# [Exercise inputs]
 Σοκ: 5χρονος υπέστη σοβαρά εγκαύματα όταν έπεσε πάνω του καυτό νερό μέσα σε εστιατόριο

* * *

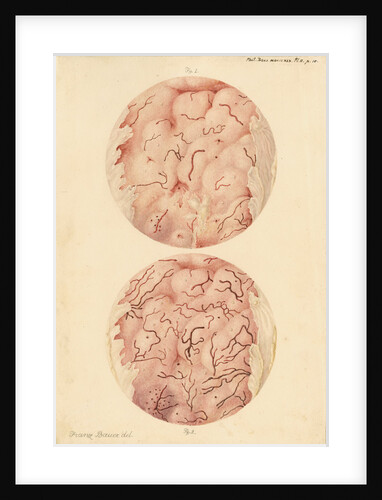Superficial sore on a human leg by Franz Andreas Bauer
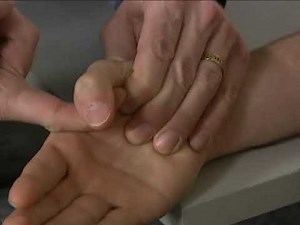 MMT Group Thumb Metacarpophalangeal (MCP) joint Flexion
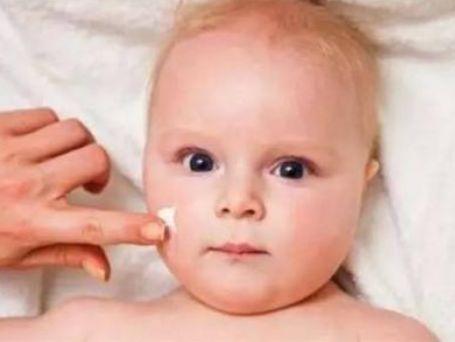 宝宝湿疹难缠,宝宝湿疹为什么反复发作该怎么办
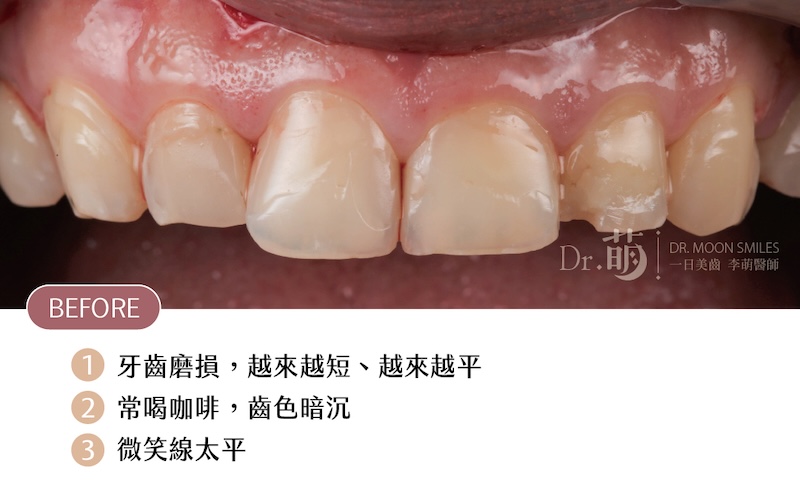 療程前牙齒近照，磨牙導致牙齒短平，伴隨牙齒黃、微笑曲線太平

--

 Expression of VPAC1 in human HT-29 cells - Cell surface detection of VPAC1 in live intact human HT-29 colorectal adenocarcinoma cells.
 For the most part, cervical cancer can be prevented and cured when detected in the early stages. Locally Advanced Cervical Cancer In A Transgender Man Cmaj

# [About this exercise]
What lines above run from the one with "宝宝湿疹难缠,宝宝湿疹为什么反复发作该怎么办" to the one with "療程前牙齒近照，磨牙導致牙齒短平，伴隨牙齒黃、微笑曲線太平"? Give them again exactly, ends included, and leave the pictures out.

# [Result]
 宝宝湿疹难缠,宝宝湿疹为什么反复发作该怎么办
 療程前牙齒近照，磨牙導致牙齒短平，伴隨牙齒黃、微笑曲線太平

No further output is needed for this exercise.